La conclusión final es el corazón de la película. Siempre es invierno no es solo la historia de una ruptura ni la crónica de un encuentro inesperado. Es una meditación sobre el tiempo en una época que nos obliga a correr incluso cuando estamos rotos. Vivimos más años pero sentimos que vivimos menos. Acumulamos experiencias pero no sabemos habitarlas. Llenamos la vida de ruido para no escuchar el temblor interior. Y Trueba coloca una pregunta silenciosa en el centro de todo. Qué hacemos con nuestros inviernos. Los negamos. Los tememos. Los escondemos. O los atravesamos.

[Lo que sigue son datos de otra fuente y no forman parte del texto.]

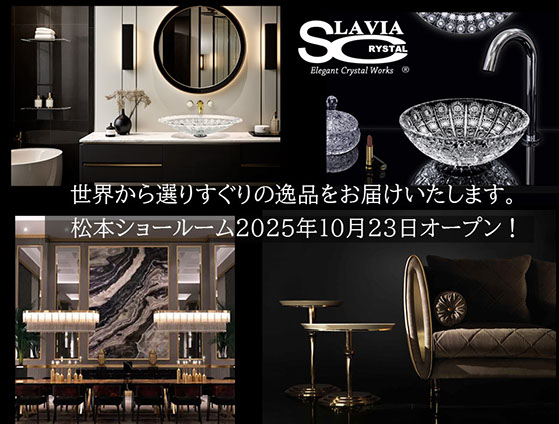 SLAVIA CRYSTAL松本ショールーム ：高級浴室用品：クリスタル洗面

Miguel aprende que no puede seguir huyendo. Que no puede esperar que otra persona lo salve. Que la soledad no es un castigo sino un camino. Olga aprende que aún puede abrir la puerta a un otro sin perderse a sí misma. Que el deseo no entiende de normas. Que la vida aún puede sorprender incluso cuando se ha vivido mucho. La película dice algo esencial. El invierno no es un enemigo. Es un clima del alma. Y cada uno debe encontrar la forma de caminar dentro de él.

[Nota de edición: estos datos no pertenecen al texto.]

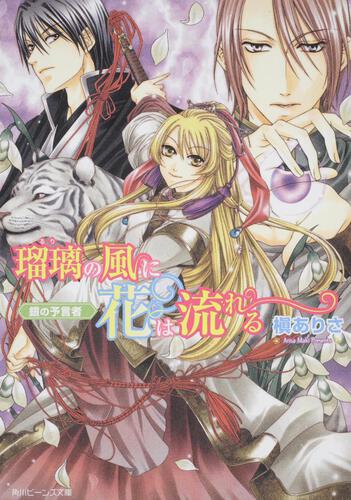 瑠璃の風に花は流れる 銀の予言者 表紙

Al final Siempre es invierno deja una huella ambigua y profundamente humana. No hay finales rotundos ni milagros ni certezas. Hay dos personas que han aprendido a mirarse mejor. A escucharse mejor. A entender que lo importante no es garantizar un futuro sino iluminar un presente. Y el mensaje último de David Trueba es claro y devastador y luminoso. No podemos controlar el tiempo. No podemos controlar el deseo ajeno. No podemos controlar lo que se rompe. Pero sí podemos elegir qué hacemos con lo que queda. Cómo caminamos. A quién escuchamos. Qué luz dejamos entrar por nuestras grietas. Y esa elección humilde y valiente es quizá la verdadera forma de resistencia. Incluso en el invierno más frío existe un resplandor mínimo que basta para seguir adelante si nos atrevemos a mirarlo sin miedo.